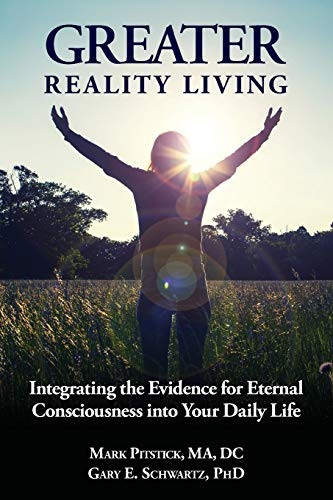 Greater Reality Living, 2nd Edition: Integrating the Evidence for Eternal Consciousness (Greater Reality Living)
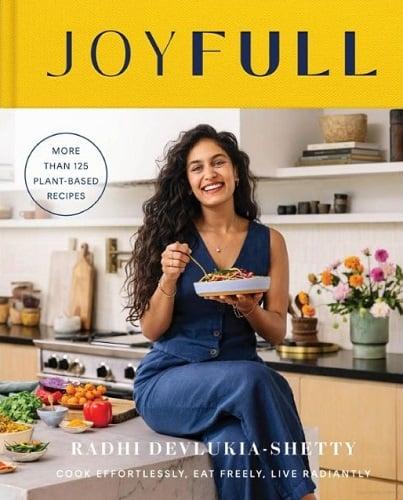 JoyFull: More Than 125 Plant-Based Recipes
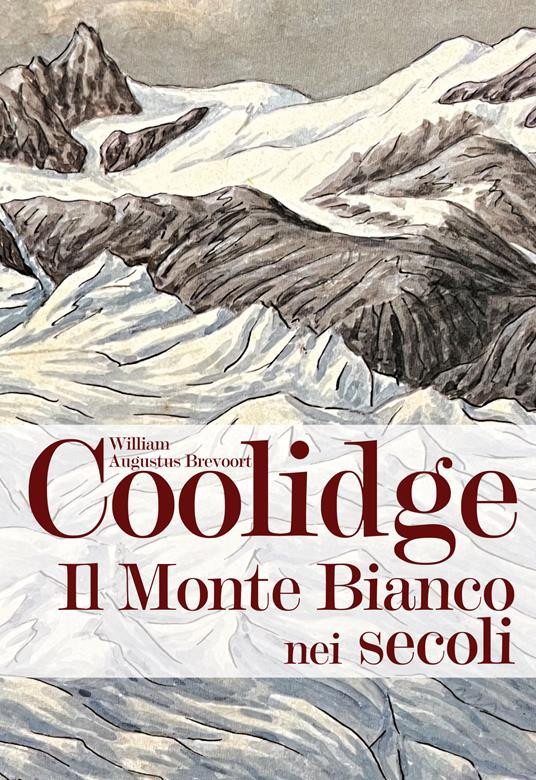 IL MONTE BIANCO NEI SECOLI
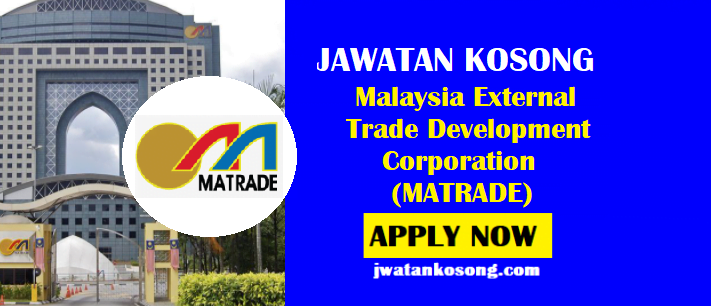 Jawatan Kosong Malaysia External Trade Development Corporation (MATRADE)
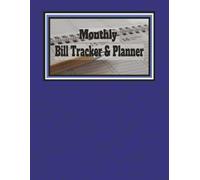Monthly Bill Tracker & Planner: Monthly Bill Organizer Notebook with Password Keeper Logs - Simple Expense Tracker, Due Date Checklist & Financial Log Book for Home & Personal Budgeting (8.5" x 11")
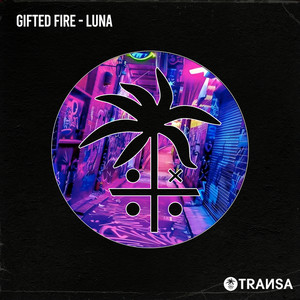 Gifted Fire — Luna (2026)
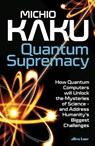 Quantum Supremacy - Michio Kaku - 9780141999456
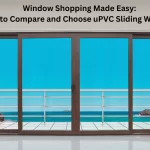 Window Shopping Made Easy: How to Compare and Choose uPVC Sliding Windows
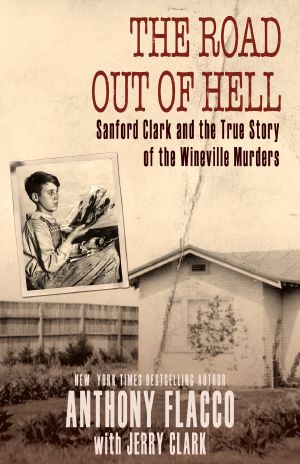 The Road Out of Hell · Sanford Clark and the True Story of the Wineville Murders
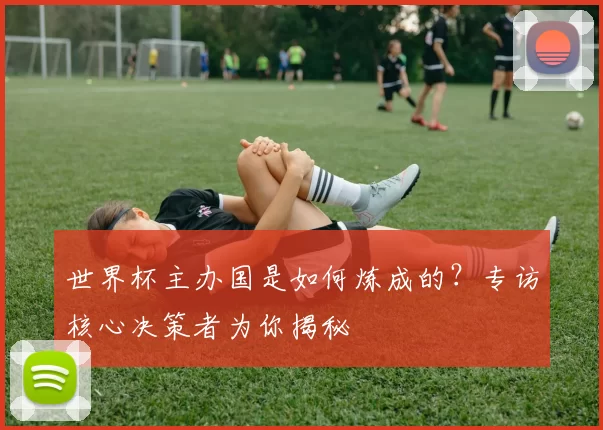 世界杯主办国是如何炼成的?专访核心决策者为你揭秘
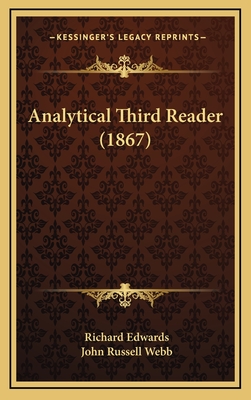 Analytical Third Reader (1867) - Edwards, Richard, and Webb, John Russell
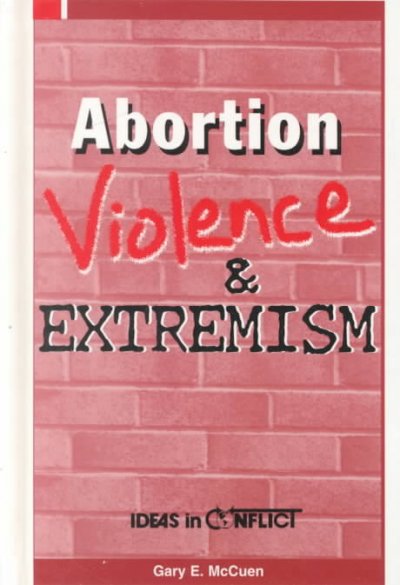 Abortion : violence & extremism / [edited by] Gary E. McCuen.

* [Problem statement]:
Each line between the one holding "IL MONTE BIANCO NEI SECOLI" and the one holding "Monthly Bill Tracker", inclusive, should be copied exactly as it appears above, and pictures should be omitted.

* [Exercise answer]:
 IL MONTE BIANCO NEI SECOLI
 Jawatan Kosong Malaysia External Trade Development Corporation (MATRADE)
Monthly Bill Tracker & Planner: Monthly Bill Organizer Notebook with Password Keeper Logs - Simple Expense Tracker, Due Date Checklist & Financial Log Book for Home & Personal Budgeting (8.5" x 11")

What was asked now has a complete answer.